摘要

As for the complexity of language structure, the semantic structure, and the relative scarcity of labeled data and context information, sentiment analysis has been regarded as a challenging task in Natural Language Processing especially in the field of short-text processing. Deep learning model need a large scale of training data to overcome data sparseness and the over-fitting problem, we propose multi-granularity text-oriented data augmentation technologies to generate large-scale artificial data for training model, which is compared with Generative adversarial network(GAN). In this paper, a novel hybrid neural network model architecture(LSCNN) was proposed with our data augmentation technology, which is can outperforms many single neural network models. The proposed data augmentation method enhances the generalization ability of the proposed model.

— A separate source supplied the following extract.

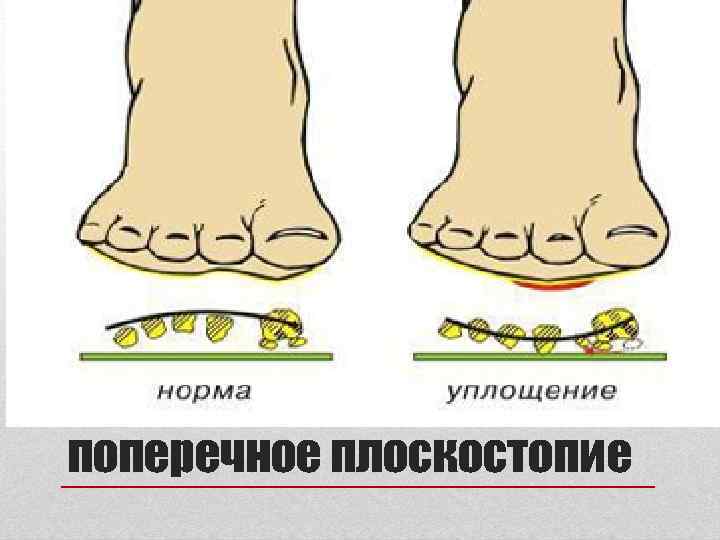 поперечное плоскостопие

Experiment results show that the proposed data augmentation method in combination with the neural networks model can achieve astonishing performance without any handcrafted features on sentiment analysis or short text classification. It was validated on a Chinese on-line comment dataset and Chinese news headline corpus, and outperforms many state-of-the-art models. Evidence shows that the proposed data argumentation technology can obtain more accurate distribution representation from data for deep learning, which improves the generalization characteristics of the extracted features. The combination of the data argumentation technology and LSCNN fusion model is well suited to short text sentiment analysis, especially on small scale corpus.